Wildly conflicting death tolls from Haitian officials have raised suspicions that no one really knows how many people died in the Jan. 12 earthquake. The only thing that seems certain is the death toll is one of the highest in a modern disaster.
A day after Communications Minister Marie-Laurence Jocelyn Lassegue raised the official death toll to 230,000, her office put out a statement on Wednesday quoting President Rene Preval as saying 270,000 bodies had been hastily buried by the government following the earthquake.
A press officer withdrew the statement, saying there was an error, but then reissued it within minutes. Later on Wednesday, the ministry said there was a typo in the figure - the number should have read 170,000.
Even that didn't clear things up. In the late afternoon, Preval and Lassegue appeared together at the government's temporary headquarters.
Preval, speaking English, told journalists there were 170,000 dead, apparently referring to the number of bodies contained in mass graves.
Lassegue interrupted him in French, giving a number lower than she had given the previous day: "No, no, the official number is 210,000."
Preval dismissed her. "Oh, she doesn't know what she's talking about," he said, again in English.
A death toll of 230,000 would equal the number of people killed in the tsunami that devastated a dozen countries around the
Indian Ocean following a magnitude-9.2 earthquake on Dec. 26, 2004.
A third of Haiti's 9 million people were crowded into the chaotic capital when the quake struck a few minutes before 5 p.m. Many were preparing to leave their offices or schools. About 250,000 houses and 30,000 commercial buildings collapsed, according to government estimates, many crushing people inside.
For days, people piled bodies by the side of the road or left them half-buried under the rubble. Countless more remain under collapsed buildings, identified only by a pungent odor. No foreign government or independent agency has issued its own death estimate.
Many agencies that usually can help figure casualty numbers say they are too busy helping the living to keep track of the dead. The Joint Task Force in charge of the relief effort - foreign governments and militaries, U.N. agencies and Haitian government officials - quotes only the government death figures.
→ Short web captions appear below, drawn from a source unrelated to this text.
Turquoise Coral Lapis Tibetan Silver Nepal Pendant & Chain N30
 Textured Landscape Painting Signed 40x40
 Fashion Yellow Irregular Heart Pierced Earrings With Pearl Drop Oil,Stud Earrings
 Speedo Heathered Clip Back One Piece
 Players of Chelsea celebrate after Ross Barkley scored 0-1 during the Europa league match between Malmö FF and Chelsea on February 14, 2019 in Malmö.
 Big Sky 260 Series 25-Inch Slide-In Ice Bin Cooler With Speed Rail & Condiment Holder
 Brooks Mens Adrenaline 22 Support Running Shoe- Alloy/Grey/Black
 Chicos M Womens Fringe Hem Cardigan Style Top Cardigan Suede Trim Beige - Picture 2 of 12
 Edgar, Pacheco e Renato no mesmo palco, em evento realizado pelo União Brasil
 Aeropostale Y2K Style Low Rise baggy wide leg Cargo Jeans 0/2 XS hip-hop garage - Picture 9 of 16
That number has climbed from a precise 111,481 on Jan. 23, to 150,000 on Jan. 24, to 212,000 on Saturday, to 230,000 on Tuesday. Preval's count of 170,000 bodies buried in mass graves may represent only a piece of the toll _ but nobody at his office was available to clarify.
It's common in major disasters to see large discrepancies in death tolls: Governments may use lower figures to save face, or higher figures to attract foreign aid. In Haiti's case, however, the very institutions responsible for compiling information were themselves devastated, so reaching a death toll is particularly difficult.
Even some officials express skepticism the government is keeping count.
"I personally think that a lot of information being given to the public by the government is estimates," Haiti's chief epidemiologist Dr. Roc Magloire said.
Many citizens are even more cynical, accusing the government of inflating the numbers to attract foreign aid and to take the spotlight off its own lackluster response to the disaster.
"Nobody knows how they came up with the death count. There's no list of names. No list of who may still be trapped. No pictures of people they buried," 45-year-old shop owner Jacques Desal said.
"No one is telling us anything. They just want the aid."
A few days after the quake, the state-run public works department, known as the CNE, began picking up bodies from the streets and dropping them in trenches dug by earth movers in Titanyen, just north of the capital. The trenches are 6 meters (20 feet) deep and filled 6 meters (20 feet) high.
Preval said that the government has counted 170,000 bodies during those efforts, and that the number does not include people buried in private ceremonies. But at Titanyen on Wednesday, worker Estelhomme Saint Val said nobody had counted the bodies.
"The trucks were just dropping people wherever, and then we would move in and cover them up," he said. "We buried people all along the roads and roadsides. It was impossible to do a count." Although the government death toll jumped by the thousands from Saturday to Tuesday, Saint Val said at noon Wednesday that only one truck had arrived this week, and it carried two bodies. He said workers received 15 truckloads of bodies a day just after the quake, but the numbers dropped off about 10 days ago.
Lassegue, in announcing the Tuesday death toll, refused to say how it was calculated.
"For the moment we count 230,000 deaths, but these figures are not definitive," she said. "It's a partial figure." U.N. humanitarian spokeswoman Elisabeth Byrs in Geneva, who has often cited Haitian government figures, said Wednesday that she said she doesn't know how Haiti is calculating the death toll: "We cannot confirm these figures."